One of my favorite memes is the one that is attributed to Kurt Vonnegut but wasn’t — and was later imparted by Baz Luhrman on “Wear Sunscreen” — tells you that the race is long, and in the end, it’s only against yourself. If there were some way to measure one’s improvement against oneself, and then weight that within reasonableness (because frankly, I can have a deliberately shit year and then bust my ass for an easy “improvement” rank), that would be better.

Interesting point of fact though: we hold our kids to numbers.

My kid is in 6th grade — almost 7th  (2! weeks! to go!) — and is held to the standard 1(D), 2 (C), 3(B), 4(A) scale that I grew up with. Every assignment is reduced to numbers and faithfully reported and published (to the point where I often know his score before he does). This number — and numbers in standardized testing, either within the school or external to the school (Washington state is on its 4th or 5th “standardized’ test in the last 10 years — none of which equate to one another, so it’s a constantly shifting field)– will determine what classes he can take, which math path he is on, if he can participate in extracurricular activities, etc.  And he’s 12. Whereas his mother is 30 years his senior and doesn’t have the “advantage” of a number.

As a society we constantly worry about preparing our kids for the future, to be competitive within the global sphere. They are learning things 2 years earlier than they did at my age — both by math formulae and science concepts. They are expected to perform and they are connected in a way we never were — the kids are handed laptops as a required tool for school. The internet was this totally shady side thing when I was in school and generally not talked about. Now it’s a project to tell him about how plagiarism works and that Wikipedia is informative but cannot be your data source. We grade them and numericize them and then let them take and retake tests as needed to make sure the number fits. In short we are preparing our kids very, very well in one way, and very, very poorly in another.

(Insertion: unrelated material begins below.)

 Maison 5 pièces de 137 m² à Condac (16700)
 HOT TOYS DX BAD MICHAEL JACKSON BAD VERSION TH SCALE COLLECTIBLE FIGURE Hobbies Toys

In the working world, you are held to a numeric standard but it is never actually communicated to you. In the working world there are damned few test retakes and there is little extra credit. It’s this world full of meetings and 1-on-1’s and phraseology without hard-core definition. In the student world it’s the opposite: little individual time and little talk, all strict grading and numeric application. In college this gets less personal and more regimented. We train our kids to know things, but not apply them.

This mad scramble that results, inevitably, in a new testing method every two years or so means that we are trying to hit a moving target with a bow and arrow while on the back of a truck in the middle of an earthquake. Instead of sticking with one test– however suboptimal– we change the test in hopes of finding some “perfect test” that will make everything sane. Instead of gearing curriculae towards the Real World, we chase some phantom metric that is meant to make us feel better about being twenty-somethingth — or is it thirty-somethingth, now?– in the world on education. When we were, at one time, first.

We are two weeks out from the final grades that will numerically identify how “well” my kid did in school this year. We are two months from the longer, more complicated, not-numerically-driven conversation with my boss about how “well” I did at work this year.

In neither case can we state with confidence that the analysis was foolproof, regardless of the outcome.

1 thought on “Great Expectations”

  1. Right on Bobbi! Once again, you nailed it on the head. The vast majority of people in corporate American would agree that most review processes are arduous and, unfortunately, often fruitless. We need a better way. AND, the vast majority would agree that this endless testing and retesting of our kids in school is the same – arduous and fruitless. Keep ringing the bell, girl!